In an example, the parameter may comprise mapping information
between service type and V2X frequency.
[0427] According to various embodiments, one or more devices such
as, for example, a wireless device, off-network wireless device, a
base station, a core network device, and/or the like, may be
employed in a system. One or more of the devices may be configured
to perform particular operations or actions by virtue of having
software, firmware, hardware, or a combination of them installed on
the one or more of the devices, that in operation causes or cause
the one or more devices to perform the actions. One or more
computer programs can be configured to perform particular
operations or actions by virtue of including instructions that,
when executed by data processing apparatus, cause the apparatus to
perform the actions. Embodiments of example actions are illustrated
in the accompanying figures and specification. Features from
various embodiments may be combined to create yet further
embodiments.
[0428] A session management function (SMF) may receive, from a
wireless device, a first message requesting establishment of a
packet data unit (PDU) session of the wireless device. The first
message may comprise a vehicle parameter indicating a vehicle type.

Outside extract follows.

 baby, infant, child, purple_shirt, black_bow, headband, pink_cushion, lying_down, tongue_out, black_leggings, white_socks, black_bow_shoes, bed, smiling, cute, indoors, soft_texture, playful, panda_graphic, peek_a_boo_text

The SMF may determine, based on the vehicle parameter, one or more
charging parameters. The SMF may send, to a charging function
(CHF), a charging request message comprising the one or more
charging parameters.
[0429] According to an example embodiment, the vehicle parameter
may be based on a Vehicle Identification Number (VIN) of a vehicle.
According to an example embodiment, the vehicle parameter may
indicate a vehicle manufacturer name (VMN). According to an example
embodiment, the vehicle parameter may indicate a vehicle model.
[0430] According to an example embodiment, the one or more charging
parameters may comprise service and bill payer information.
According to an example embodiment, the service and bill payer
information may comprise a first service type. According to an
example embodiment, the service and bill payer information may
comprise a first bill payer for the first service type. According
to an example embodiment, the service and bill payer information
may comprise a second service type. According to an example
embodiment, the service and bill payer information may comprise a
second bill payer for the second service type.
[0431] According to an example embodiment, the determination may
further comprise determining policy and charging rules. The policy
and charging rules may comprise the one or more charging
parameters.
[0432] According to an example embodiment, the SMF may receive,
from a network function, a subscription response message comprising
the vehicle parameter. According to an example embodiment, the SMF
may receive, from a network function, a subscription response
message comprising a VMN. According to an example embodiment, the
SMF may receive, from a network function, a subscription response
message comprising a vehicle model.
[0433] According to an example embodiment, the SMF may determine a
policy and charging control (PCC) rule, based on the VMN or the
vehicle model. According to an example embodiment, the PCC rule may
comprise the one or more charging parameters. According to an
example embodiment, the one or more charging parameters may
comprise service and bill payer information.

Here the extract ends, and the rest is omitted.